==== Provided data
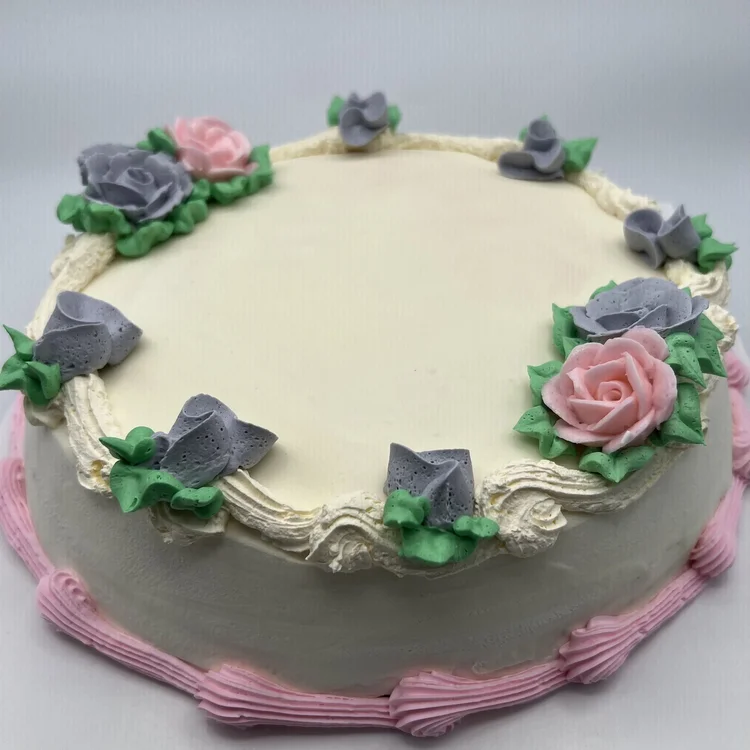Round ice cream cake with a smooth ivory top, piped pink and lavender-grey roses with green leaves around a cream shell border, and a pink piped bottom border, at Merla-Mae Ice Cream in London, Ontario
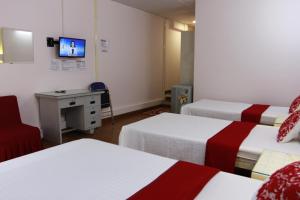 a room with three beds and a desk and a tv at QUANG SAIGON Hotel- 40-7 Bùi Viện-Walking street in Ho Chi Minh City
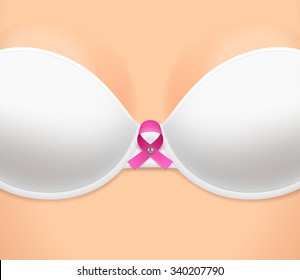 Woman's breast dressed in white bra and pink loop-shaped ribbon as symbol of breast cancer awareness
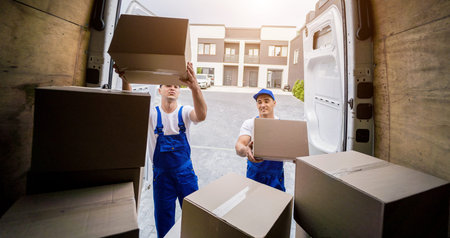 Two removal company workers unloading boxes from minibus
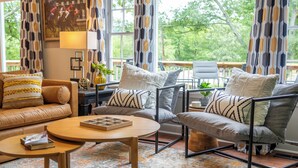 Een moderne woonkamer met een bank, fauteuils, een salontafel en uitzicht op groen.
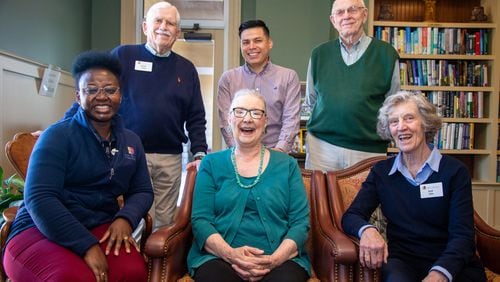 Juliet Bakare (counterclockwise from left), Barbara Cooper, Pat Shea, Don Sapit, Jose Pliego and Ross Lenhart pose together in the Park Springs library. Residents of Park Springs, a senior community in Stone Mountain, voluntarily give money to a Foundation that funds college scholarships for employees or their family members.  PHIL SKINNER FOR THE ATLANTA JOURNAL-CONSTITUTION.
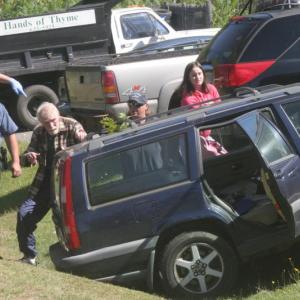 The driver of this Volvo involved in the accident at the Irving gas station walks around the car while being directed to an ambulance by one of the attendants at the scene. KEVIN BURNHAM/Boothbay Register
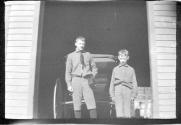 Two boys standing in front of carriage house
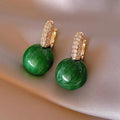Elegant gold earrings with dazzling green pearls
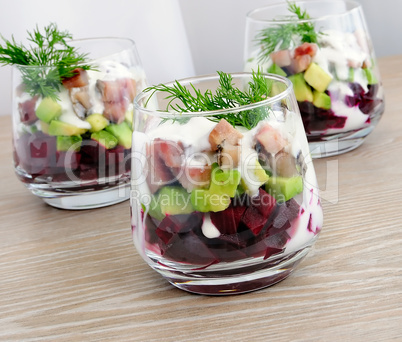 Appetizer in a glass of beet and herring with avocado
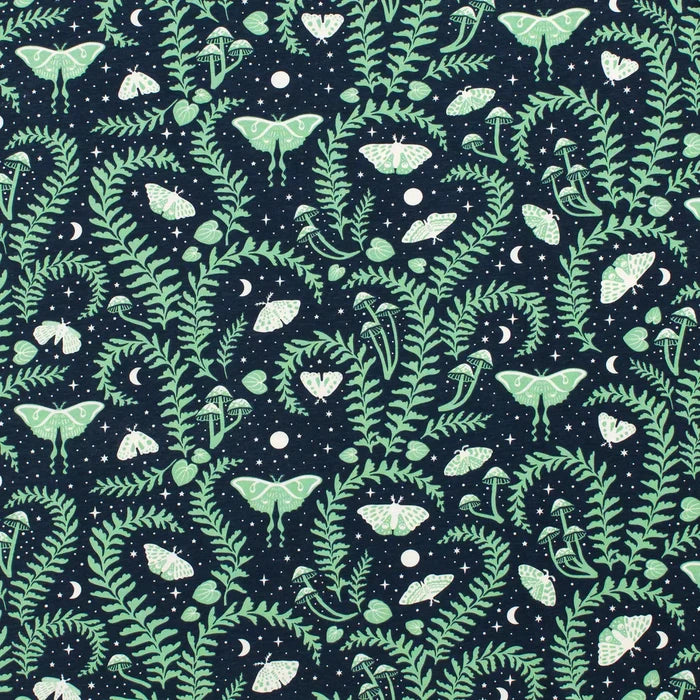 Pattern of green leaves and white butterflies on a dark blue background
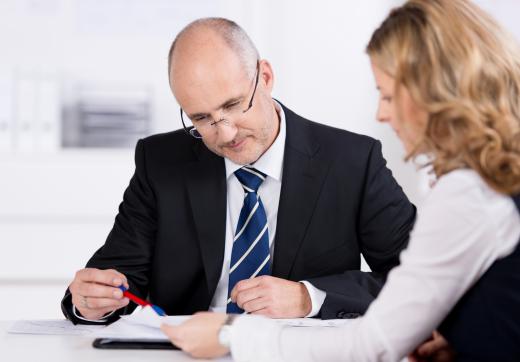 A loan originator evaluates loan applications and gathers information before financing a loan.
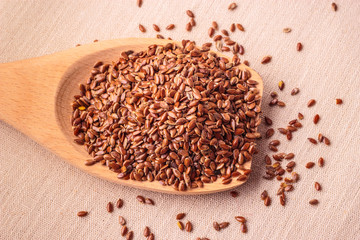 Flax seeds linseed on wooden spoon
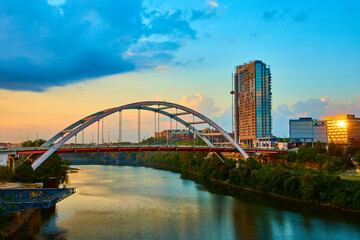 Naklejka premium Modern Bridge and Skyscraper at Golden Hour Nashville Riverfront Eye-Level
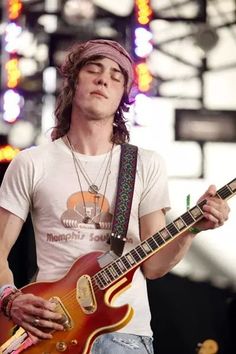 a young man playing an electric guitar on stage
========
#### Task requirements:
Print each record exactly as it stands, omitting the pictures.

#### Answer section:
Round ice cream cake with a smooth ivory top, piped pink and lavender-grey roses with green leaves around a cream shell border, and a pink piped bottom border, at Merla-Mae Ice Cream in London, Ontario
 a room with three beds and a desk and a tv at QUANG SAIGON Hotel- 40-7 Bùi Viện-Walking street in Ho Chi Minh City
 Woman's breast dressed in white bra and pink loop-shaped ribbon as symbol of breast cancer awareness
 Two removal company workers unloading boxes from minibus
 Een moderne woonkamer met een bank, fauteuils, een salontafel en uitzicht op groen.
 Juliet Bakare (counterclockwise from left), Barbara Cooper, Pat Shea, Don Sapit, Jose Pliego and Ross Lenhart pose together in the Park Springs library. Residents of Park Springs, a senior community in Stone Mountain, voluntarily give money to a Foundation that funds college scholarships for employees or their family members.  PHIL SKINNER FOR THE ATLANTA JOURNAL-CONSTITUTION.
 The driver of this Volvo involved in the accident at the Irving gas station walks around the car while being directed to an ambulance by one of the attendants at the scene. KEVIN BURNHAM/Boothbay Register
 Two boys standing in front of carriage house
Elegant gold earrings with dazzling green pearls
 Appetizer in a glass of beet and herring with avocado
 Pattern of green leaves and white butterflies on a dark blue background
 A loan originator evaluates loan applications and gathers information before financing a loan.
 Flax seeds linseed on wooden spoon
 Naklejka premium Modern Bridge and Skyscraper at Golden Hour Nashville Riverfront Eye-Level
 a young man playing an electric guitar on stage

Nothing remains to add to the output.